Compression and Analytics of Molecular Dynamics Simulation Data

Presented by Shuai Liu

Thursday, November 29, 2018
4:00 p.m.
ICSI Lecture Hall


Molecular dynamics (MD) simulation is an approach to explore chemical or biological systems computationally when they cannot be investigated in nature. By modeling the interactions between atoms and molecules using Newtonian principles, hypotheses about chemical or biological properties of certain molecules as they are interacting with the environment can be tested. Given the simulation is done on molecular level, however, MD simulation data can easily generate terabytes of data. Working with MD data therefore not only requires a large amount of storage, it is also very difficult to transfer simulation outcomes over a network. In this talk, I report on my master thesis work. I designed and analyzed algorithms for MD simulation data compression in both time and space domain. I also ran experiments to understand the relationship of compression performance and underlying physical behavior of the simulation, for example, by analyzing the information entropy of MD simulation data in correlation with different physical parameters. As one result, I was able to build an automatic detector for phase transitions in MD simulation data, which in turn can be used to increase compression performance in future work.

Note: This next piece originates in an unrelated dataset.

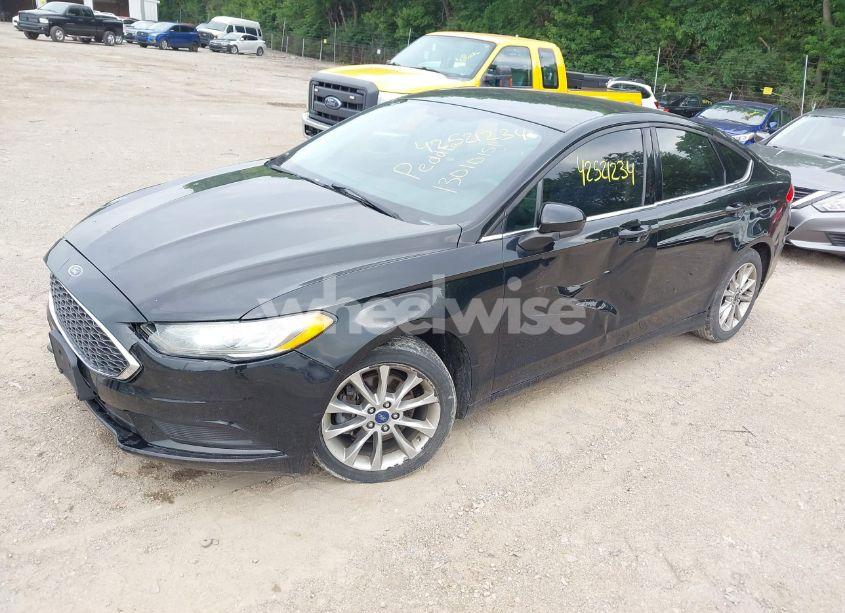 Photo 2 of 2017 Ford Fusion SE (VIN 3FA6P0H78HR200469)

Shuai Liu is a Ph.D. candidate in Chemistry department at UC Berkeley advised by Dr. Alexander Hexemer at LBNL working on materials characterization data analysis using machine learning. This work is part of an ongoing M.S. technical report advised by Profs. Gerald Friedland and Kannan Ramchandran. Before studying in Berkeley, Shuai got his B.S. degree from Peking University. His research interests are the applications of machine learning and information theory based methods on scientific data mining, especially for chemistry and materials data.